Tempest renoue avec le souffle épique : la chanson-titre, près de quatorze minutes sur le naufrage du Titanic, et des ballades amères comme Pay in Blood composent un album sombre et drôle.

Publié pour le cinquantenaire de son tout premier disque, Tempest referme la trilogie tardive entamée avec Modern Times et Together Through Life sur son versant le plus sombre et le plus violent, porté par des textes d'une noirceur rare même à l'aune de sa discographie la plus âpre.
Le morceau-titre, plus de quatorze minutes, reconstruit le naufrage du Titanic vers par vers dans une longue ballade narrative qui ne cherche jamais l'exactitude historique mais l'accumulation d'images funèbres et carnavalesques ; Tin Angel déroule un triangle amoureux qui s'achève dans un bain de sang digne d'une ballade élisabéthaine. Roll On John referme le disque sur un hommage direct à John Lennon, assassiné plus de trente ans auparavant, dans l'un des rares moments du disque où Dylan lève le voile de la fiction pour une adresse personnelle.
Le titre, Tempest, évoque immanquablement La Tempête de Shakespeare, dernière pièce du dramaturge anglais — une association qui a nourri toutes sortes de spéculations sur un possible disque testamentaire, aussitôt démenties par Dylan lui-même, amusé par le parallèle mais sans intention d'en faire une déclaration d'adieu.

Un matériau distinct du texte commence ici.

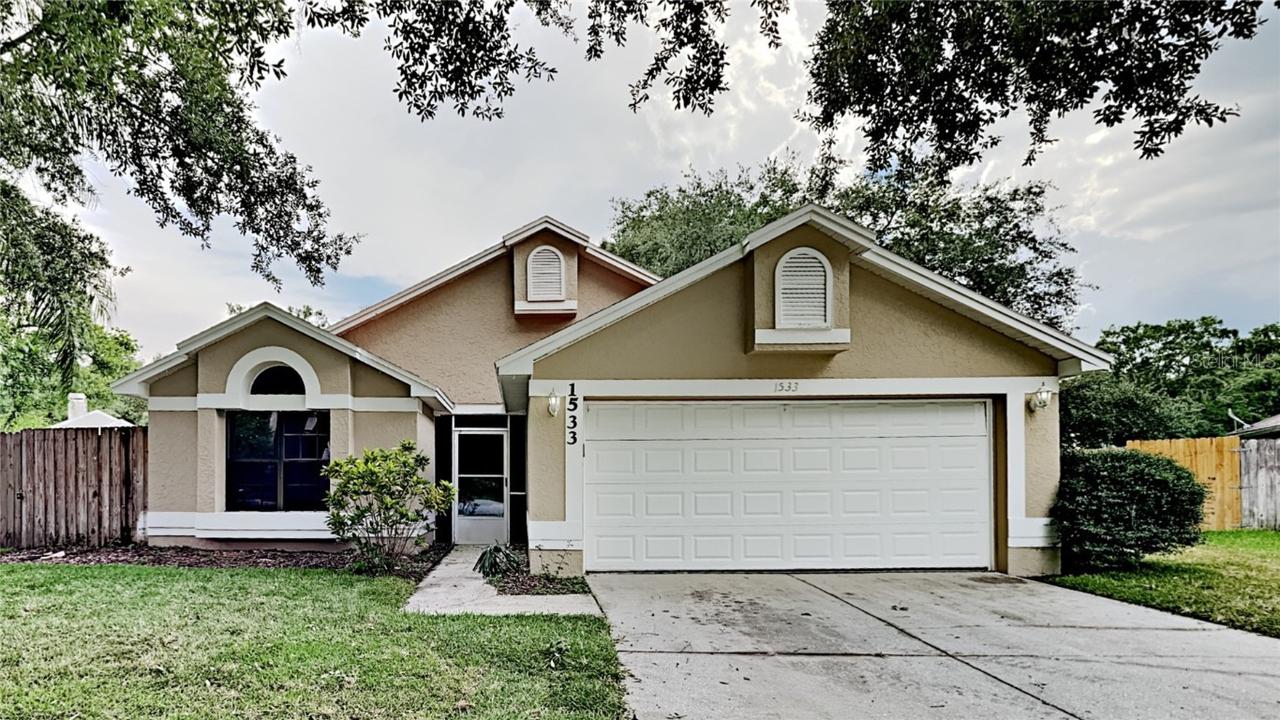 1533 Coppersmith Ct., Lutz, FL 33559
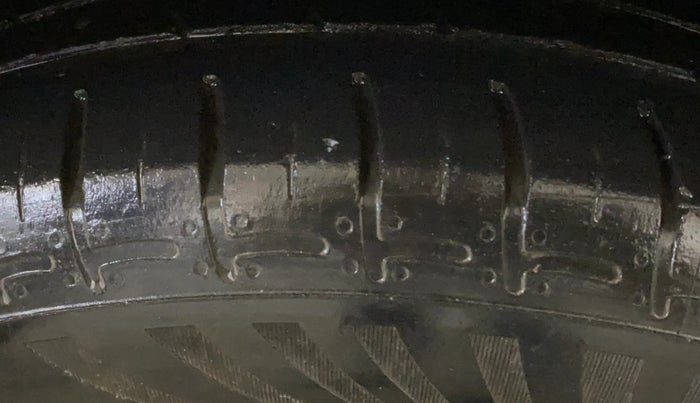 2022 Hyundai GRAND I10 NIOS SPORTZ 1.2 KAPPA VTVT, Petrol, Manual, 37,025 km, Right Rear Tyre Tread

Salué par la critique comme l'un des disques les plus habités de sa période tardive, Tempest confirme, à plus de soixante-dix ans, une noirceur d'écriture et une ambition narrative qui n'ont rien perdu de leur intensité depuis les grandes fresques de Desire ou de Highway 61 Revisited.
Enregistré en 2012 avec son groupe de tournée. Duquesne Whistle, single d'ouverture, mêle swing et train fantôme ; la chanson-titre déroule un récit de naufrage où les siècles se superposent.
Le disque, à la fois ample et concentré, est salué comme l'un des meilleurs de la période tardive.